In the most celebrated document which has been put forth on this side of the Atlantic, our ancestors declared that "governments derive their just powers from the consent of the governed."
Blackstone says, "The lawfulness of punishing such criminals (i.e., persons offending merely against the laws of society) is founded upon this principle: that the law by which they suffer was made by their own consent; it ita part of the original contract into which they entered when first they engaged in society; it was calculated for and has long contributed to their own security."
Quotations, to an unlimited extent, containing similar doctrines from eminent writers, both English and American, on government, from the time of John Locke to the present day, might be made. Without adopting this doctrine which bases the rightfulness of government upon the consent of the governed, I claim that there is implied in it the narrower and unassailable principle that all citizens of a State, who are bound by its laws, are entitled to an equal voice in the making and execution of such laws. The doctrine is well stated by Godwin in his treatise on Political Justice. He says: "The first and most important principle that can be imagined relative to the form and structure of government, seems to be this: that as government is a transaction in the name and for the benefit of the whole, every member of the community ought to have some share in its administration."
Again, "Government is a contrivance instituted for the security of individuals; and it seems both reasonable that each man should have a share in providing for his own security, and probable, that partiality and cabal should by this means be most effectually excluded."

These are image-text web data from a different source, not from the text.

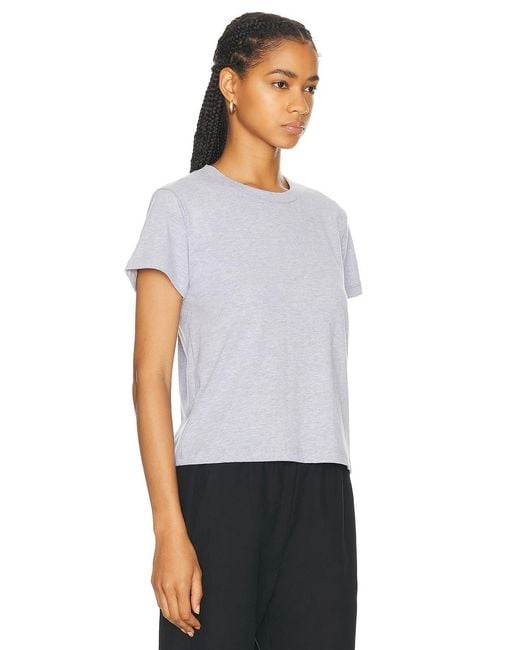 Leset White The Margo Tee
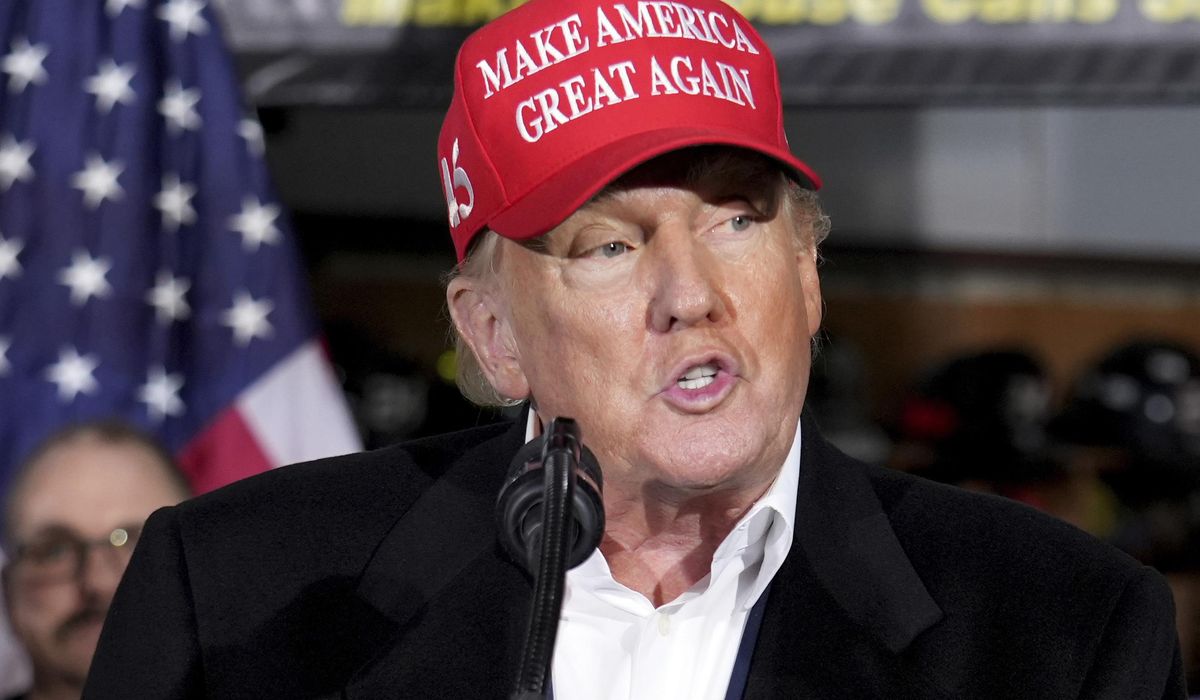 NextImg:Trump’s beef with Fox escalates after Murdoch casts more doubt on 2020 stolen election claims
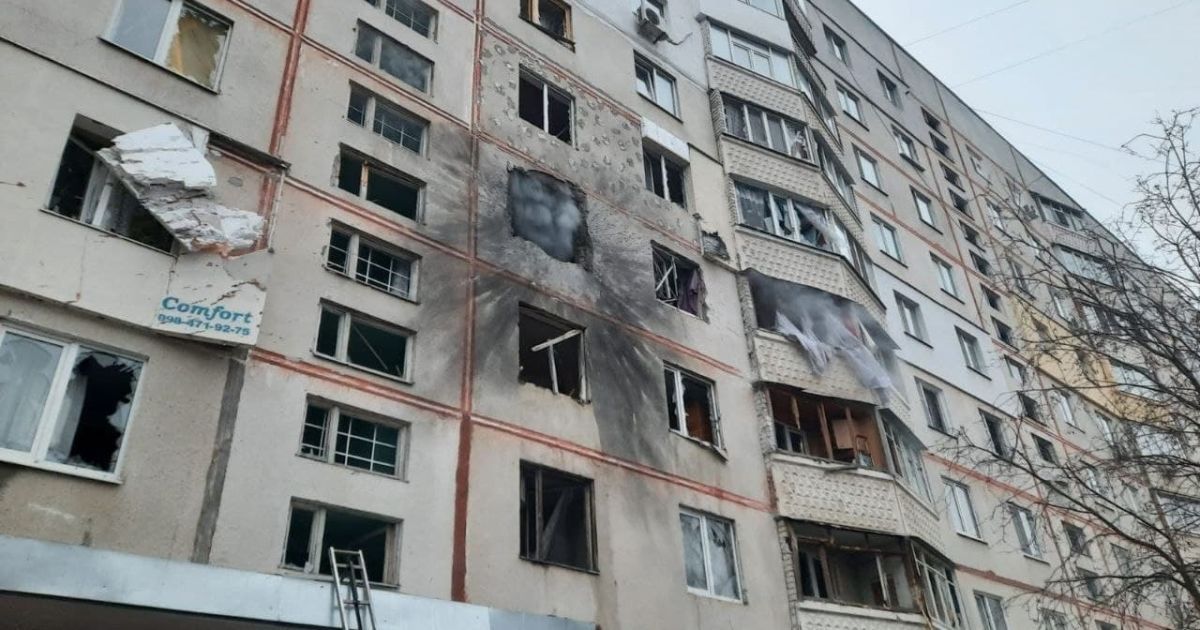 Харків піддався повітряним атакам з боку окупантів: у ДСНС розповіли про об'єкти обстрілів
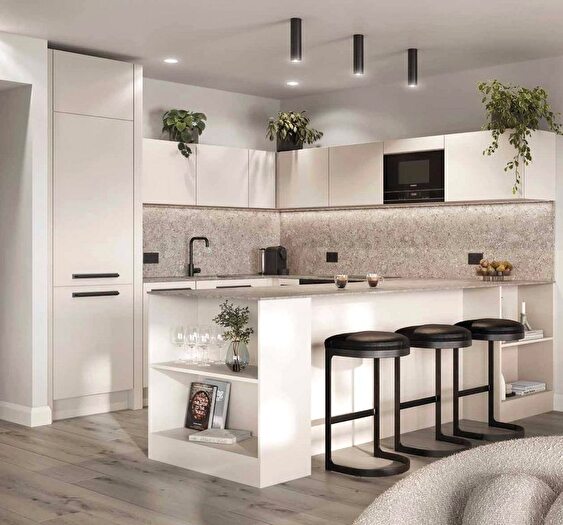 2 Bedroom Flat For Sale In Holloway Park, Parkhurst Road, N7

And again, "To give each man a voice in the public concerns comes nearest to that admirable idea of which we should never lose sight, the uncontrolled exercise of private judgment. Each man would thus be inspired with a consciousness of his own importance, and the slavish feelings that shrink up the soul in the presence of an imagined superior would be unknown."
The mastery which this doctrine, whether right or wrong, has acquired over the public mind, has produced as its natural fruit, the extension of the right of suffrage to all the adult male population in nearly all the states of the Union; a result which was well epitomized by President Lincoln, in the expression, "government by the people for the people."
This extension of the suffrage is regarded by many as a source of danger to the stability of free government. I believe it furnishes the greatest security for free government, as it deprives the mass of the people of all motive for revolution; and that government so based is most safe, not because the whole people are less liable to make mistakes in government so selet few, but because they have no interest which can lead them to such mistakes, or to prevent their correction when made. On the contrary, the world has never seen an aristocracy, whether composed of few or many, powerful enough to control a government, who did not honestly believe that their interest was identical with the public interest, and who did not act persistenly in accordance with such belief; and, unfortunately, an aristocracy of sex has not proved an exception to the rule. The only method yet discovered of overcoming this tendency to the selfish use of power, whether consciously or unconsciously, by those possessing it, is the distribution of the power among all who are its subjects. Short of this the name free government is a misnomer.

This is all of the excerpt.